PROBLEM STATEMENT.
From the entries below, count the lines with "Hybrid". Write only the count.

RECORDS FOR THIS TASK.

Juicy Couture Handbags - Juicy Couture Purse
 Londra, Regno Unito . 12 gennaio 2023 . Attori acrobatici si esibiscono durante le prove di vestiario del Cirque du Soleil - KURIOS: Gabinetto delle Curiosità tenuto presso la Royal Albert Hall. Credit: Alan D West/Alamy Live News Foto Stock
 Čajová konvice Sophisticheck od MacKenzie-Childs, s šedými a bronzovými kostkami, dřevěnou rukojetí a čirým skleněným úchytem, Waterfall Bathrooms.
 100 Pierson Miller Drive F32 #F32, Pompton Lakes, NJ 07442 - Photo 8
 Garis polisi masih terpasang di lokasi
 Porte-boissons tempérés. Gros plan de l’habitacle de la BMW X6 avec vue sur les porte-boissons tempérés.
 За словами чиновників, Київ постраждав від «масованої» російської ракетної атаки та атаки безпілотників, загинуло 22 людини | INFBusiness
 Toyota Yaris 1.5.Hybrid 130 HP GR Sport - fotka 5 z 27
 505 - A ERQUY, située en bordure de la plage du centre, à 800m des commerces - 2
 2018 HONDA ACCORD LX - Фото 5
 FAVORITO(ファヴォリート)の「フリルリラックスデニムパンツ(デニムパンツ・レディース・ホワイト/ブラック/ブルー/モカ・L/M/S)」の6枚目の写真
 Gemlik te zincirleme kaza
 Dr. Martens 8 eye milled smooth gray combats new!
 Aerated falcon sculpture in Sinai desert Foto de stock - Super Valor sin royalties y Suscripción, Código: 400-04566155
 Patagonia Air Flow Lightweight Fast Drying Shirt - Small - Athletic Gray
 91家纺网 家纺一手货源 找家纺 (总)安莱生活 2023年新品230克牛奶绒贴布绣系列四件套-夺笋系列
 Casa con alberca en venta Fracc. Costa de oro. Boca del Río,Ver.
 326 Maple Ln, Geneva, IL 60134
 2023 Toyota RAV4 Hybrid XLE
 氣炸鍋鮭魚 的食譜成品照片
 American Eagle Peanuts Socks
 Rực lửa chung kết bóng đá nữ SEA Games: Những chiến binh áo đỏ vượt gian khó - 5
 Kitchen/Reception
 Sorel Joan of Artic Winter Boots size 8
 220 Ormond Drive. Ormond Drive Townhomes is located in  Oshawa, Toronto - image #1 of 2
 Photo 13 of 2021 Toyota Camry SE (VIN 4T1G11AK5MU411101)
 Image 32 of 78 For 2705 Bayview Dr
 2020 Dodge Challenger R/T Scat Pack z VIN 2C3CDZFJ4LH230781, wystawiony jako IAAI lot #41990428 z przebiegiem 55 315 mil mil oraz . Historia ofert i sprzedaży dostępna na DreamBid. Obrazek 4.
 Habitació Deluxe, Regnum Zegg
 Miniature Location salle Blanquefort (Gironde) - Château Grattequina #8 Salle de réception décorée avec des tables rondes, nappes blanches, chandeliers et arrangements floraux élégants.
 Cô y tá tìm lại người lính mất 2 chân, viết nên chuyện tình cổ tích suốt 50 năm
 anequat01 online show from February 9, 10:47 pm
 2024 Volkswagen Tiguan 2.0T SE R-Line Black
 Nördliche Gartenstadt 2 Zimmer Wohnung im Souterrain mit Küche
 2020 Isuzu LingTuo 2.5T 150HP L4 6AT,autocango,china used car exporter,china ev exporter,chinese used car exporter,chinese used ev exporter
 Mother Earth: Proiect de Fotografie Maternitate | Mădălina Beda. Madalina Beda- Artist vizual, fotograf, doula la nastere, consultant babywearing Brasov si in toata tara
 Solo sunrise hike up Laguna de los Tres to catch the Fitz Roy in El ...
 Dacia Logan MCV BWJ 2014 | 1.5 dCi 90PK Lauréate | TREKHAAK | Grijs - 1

TASK RESPONSE.
2